By Liz Lane, Sky News Reporter
Plans to axe GCSEs in England could fail to help less able pupils and leave some subjects with discredited qualifications, MPs have warned.
The Commons Education Select Committee agrees significant improvements are needed.
But it has claimed the Government has failed to prove its case for scrapping the qualification.
GCSEs will be replaced by English Baccalaureate Certificates, with teaching beginning in 2015, and the first exams in English, maths and sciences taking place in 2017.
GCSEs in history, geography and languages will be replaced by EBCs at a later date, and GCSEs are set to remain in other subjects.
Committee chair Graham Stuart warned ministers they could be being too hasty.
"Slow down a little. Don't allow educational reform, which has impact for generations to come, don't let that be driven by a political timetable."
Education secretary Michael Gove has said the changes will modernise the exam system.
But Jacques Szemalikowski, head teacher of Hampstead School in north London, is not so sure.
Mr Gove says the exam system needs modernising"The Secretary of State says the idea of a risk is not a reason not to proceed, well I agree with that, but at the same time we need something that is coherent, that has a logic and an underpinning philisophy, in terms of making our education system compete with the best, and not back to the future."
English teacher David Robson is worried the Government could be gambling with children's futures.
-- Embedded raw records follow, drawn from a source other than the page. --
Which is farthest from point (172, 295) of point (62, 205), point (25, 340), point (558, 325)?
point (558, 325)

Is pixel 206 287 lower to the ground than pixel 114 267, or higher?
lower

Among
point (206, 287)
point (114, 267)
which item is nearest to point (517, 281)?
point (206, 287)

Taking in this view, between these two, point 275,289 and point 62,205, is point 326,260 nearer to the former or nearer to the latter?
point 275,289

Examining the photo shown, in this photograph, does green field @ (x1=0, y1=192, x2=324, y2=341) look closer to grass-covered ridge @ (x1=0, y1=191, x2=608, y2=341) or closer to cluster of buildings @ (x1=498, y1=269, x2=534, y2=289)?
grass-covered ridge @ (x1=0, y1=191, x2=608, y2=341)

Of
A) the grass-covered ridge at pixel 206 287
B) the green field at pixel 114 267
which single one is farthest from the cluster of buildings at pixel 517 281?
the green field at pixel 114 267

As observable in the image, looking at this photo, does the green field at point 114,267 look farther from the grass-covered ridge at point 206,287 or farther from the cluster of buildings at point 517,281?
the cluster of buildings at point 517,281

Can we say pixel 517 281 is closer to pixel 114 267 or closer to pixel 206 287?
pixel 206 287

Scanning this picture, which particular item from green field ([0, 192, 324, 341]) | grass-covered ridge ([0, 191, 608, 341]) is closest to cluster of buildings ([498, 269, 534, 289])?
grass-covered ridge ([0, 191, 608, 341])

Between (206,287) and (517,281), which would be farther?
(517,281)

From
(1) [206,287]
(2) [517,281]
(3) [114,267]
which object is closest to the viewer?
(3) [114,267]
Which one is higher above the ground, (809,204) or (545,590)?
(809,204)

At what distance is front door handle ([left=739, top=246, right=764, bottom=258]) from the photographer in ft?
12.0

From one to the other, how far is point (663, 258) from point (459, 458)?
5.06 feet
"If you've got some students and everyone a year older than them have done a different qualification, where does it put those students when going into the job market? Where does it put them now in terms of preparing for the future?
"So I think it's unsettling in many ways, and obviously any year group who are going to be the first wave in any system, in a sense, you're going to be the guinea pigs."
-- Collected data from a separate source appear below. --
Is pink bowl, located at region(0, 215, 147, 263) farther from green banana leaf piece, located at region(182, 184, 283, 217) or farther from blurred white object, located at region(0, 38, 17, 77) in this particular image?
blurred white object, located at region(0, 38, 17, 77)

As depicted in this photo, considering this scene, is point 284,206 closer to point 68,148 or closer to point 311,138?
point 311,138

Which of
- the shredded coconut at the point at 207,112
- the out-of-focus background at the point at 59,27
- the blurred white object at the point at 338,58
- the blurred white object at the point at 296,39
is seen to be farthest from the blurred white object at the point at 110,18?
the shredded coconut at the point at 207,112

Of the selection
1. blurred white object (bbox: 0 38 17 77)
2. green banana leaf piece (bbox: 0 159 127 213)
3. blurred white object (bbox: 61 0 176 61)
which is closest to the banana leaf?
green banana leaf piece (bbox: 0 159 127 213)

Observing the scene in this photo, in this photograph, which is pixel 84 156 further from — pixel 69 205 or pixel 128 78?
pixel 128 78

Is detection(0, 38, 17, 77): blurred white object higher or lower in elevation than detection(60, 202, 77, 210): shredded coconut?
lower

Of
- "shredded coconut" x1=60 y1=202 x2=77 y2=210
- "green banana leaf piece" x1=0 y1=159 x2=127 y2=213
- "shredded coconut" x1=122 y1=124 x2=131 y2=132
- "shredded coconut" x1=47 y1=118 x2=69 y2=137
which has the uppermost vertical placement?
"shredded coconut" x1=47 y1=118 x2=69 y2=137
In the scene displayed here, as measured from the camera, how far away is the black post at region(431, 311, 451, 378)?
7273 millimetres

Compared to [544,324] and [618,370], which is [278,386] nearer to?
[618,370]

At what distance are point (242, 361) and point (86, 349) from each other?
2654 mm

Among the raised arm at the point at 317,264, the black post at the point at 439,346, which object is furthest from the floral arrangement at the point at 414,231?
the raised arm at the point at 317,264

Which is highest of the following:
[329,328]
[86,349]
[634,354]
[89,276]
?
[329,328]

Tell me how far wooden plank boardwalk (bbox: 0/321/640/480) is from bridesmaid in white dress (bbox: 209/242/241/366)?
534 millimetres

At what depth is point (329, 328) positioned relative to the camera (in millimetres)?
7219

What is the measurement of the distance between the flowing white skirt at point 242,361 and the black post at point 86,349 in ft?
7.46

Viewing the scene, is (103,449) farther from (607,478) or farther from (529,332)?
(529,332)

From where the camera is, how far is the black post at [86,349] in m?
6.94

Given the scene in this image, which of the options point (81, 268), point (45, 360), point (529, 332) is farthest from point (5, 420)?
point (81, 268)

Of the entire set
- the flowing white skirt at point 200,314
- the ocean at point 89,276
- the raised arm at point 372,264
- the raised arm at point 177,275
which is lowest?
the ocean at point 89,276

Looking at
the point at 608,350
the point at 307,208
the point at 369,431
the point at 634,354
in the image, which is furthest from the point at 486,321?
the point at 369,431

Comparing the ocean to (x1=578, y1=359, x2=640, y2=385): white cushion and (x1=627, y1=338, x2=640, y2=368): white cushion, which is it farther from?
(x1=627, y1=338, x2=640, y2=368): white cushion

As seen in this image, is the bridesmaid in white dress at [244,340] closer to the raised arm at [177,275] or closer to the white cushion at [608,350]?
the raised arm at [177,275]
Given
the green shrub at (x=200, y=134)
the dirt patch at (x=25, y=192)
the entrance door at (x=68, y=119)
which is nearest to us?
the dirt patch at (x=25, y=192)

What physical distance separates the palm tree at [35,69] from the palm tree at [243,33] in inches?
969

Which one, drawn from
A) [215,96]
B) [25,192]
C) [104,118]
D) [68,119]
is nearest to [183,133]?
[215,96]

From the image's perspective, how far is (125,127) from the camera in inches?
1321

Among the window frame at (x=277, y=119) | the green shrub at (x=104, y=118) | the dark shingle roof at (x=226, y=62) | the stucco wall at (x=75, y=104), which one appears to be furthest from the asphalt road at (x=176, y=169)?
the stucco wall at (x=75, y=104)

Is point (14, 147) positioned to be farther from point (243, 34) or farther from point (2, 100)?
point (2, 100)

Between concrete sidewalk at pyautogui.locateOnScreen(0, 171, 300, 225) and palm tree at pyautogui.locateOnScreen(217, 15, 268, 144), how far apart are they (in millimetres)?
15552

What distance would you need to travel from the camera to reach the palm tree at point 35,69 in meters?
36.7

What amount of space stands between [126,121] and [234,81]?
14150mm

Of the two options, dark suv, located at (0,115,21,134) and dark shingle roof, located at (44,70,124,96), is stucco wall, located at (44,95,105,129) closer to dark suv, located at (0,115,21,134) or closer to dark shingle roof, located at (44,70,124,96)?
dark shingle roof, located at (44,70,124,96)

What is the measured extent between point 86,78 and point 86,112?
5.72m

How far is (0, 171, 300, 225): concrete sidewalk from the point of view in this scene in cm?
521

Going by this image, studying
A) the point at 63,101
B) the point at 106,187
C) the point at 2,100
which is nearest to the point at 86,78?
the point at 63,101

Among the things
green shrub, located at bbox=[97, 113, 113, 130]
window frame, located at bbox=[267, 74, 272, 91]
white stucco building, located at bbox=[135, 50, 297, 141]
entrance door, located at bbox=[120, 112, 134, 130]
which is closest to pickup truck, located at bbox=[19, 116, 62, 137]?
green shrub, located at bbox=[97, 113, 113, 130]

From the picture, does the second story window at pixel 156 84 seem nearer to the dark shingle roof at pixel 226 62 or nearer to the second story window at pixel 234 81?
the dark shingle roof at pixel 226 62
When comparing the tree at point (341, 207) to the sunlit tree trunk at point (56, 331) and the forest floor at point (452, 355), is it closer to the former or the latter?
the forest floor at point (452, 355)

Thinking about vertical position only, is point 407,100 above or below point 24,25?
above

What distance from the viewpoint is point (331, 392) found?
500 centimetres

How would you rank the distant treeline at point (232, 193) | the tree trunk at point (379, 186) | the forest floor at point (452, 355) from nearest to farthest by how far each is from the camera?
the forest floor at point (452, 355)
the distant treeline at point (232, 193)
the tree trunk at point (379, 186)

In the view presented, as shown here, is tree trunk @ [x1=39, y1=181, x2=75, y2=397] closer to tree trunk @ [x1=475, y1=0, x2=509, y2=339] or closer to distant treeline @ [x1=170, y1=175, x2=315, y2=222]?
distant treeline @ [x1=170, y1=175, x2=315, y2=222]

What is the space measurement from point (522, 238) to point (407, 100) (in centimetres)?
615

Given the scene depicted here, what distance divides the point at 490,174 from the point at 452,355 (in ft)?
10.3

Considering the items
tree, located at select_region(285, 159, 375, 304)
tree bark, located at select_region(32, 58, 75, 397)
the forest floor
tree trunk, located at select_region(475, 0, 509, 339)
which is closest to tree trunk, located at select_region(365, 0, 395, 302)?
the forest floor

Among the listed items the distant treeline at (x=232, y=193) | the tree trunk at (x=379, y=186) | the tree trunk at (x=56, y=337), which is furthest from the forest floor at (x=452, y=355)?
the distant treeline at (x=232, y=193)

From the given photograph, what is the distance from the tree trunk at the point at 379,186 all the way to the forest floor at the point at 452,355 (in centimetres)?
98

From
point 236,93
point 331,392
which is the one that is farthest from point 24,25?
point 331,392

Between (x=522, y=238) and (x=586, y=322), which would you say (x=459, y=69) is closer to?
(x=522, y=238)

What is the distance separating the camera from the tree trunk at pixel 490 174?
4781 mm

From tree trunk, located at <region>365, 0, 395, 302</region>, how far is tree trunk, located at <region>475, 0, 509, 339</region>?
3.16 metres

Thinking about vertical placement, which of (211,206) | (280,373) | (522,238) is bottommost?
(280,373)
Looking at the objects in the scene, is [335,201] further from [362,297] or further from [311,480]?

The committee said there is a "lack of coherence" about the Government's approach to reforming the curriculum, qualifications and the school accountability system.
It warned the reforms could have a negative impact on subjects that will remain GCSEs.
It also suggested the Government should focus on improving the achievement of the "significant minority" that do not achieve five good GCSEs, rather than considering plans to introduce a Statement of Achievement for lower-attaining pupils.
A Department for Education spokeswoman said: "We have been clear that the secondary education system is in desperate need of a thorough overhaul - an objective with which the committee agrees.
"That is why we are making major changes to ensure we have world class exams that raise standards."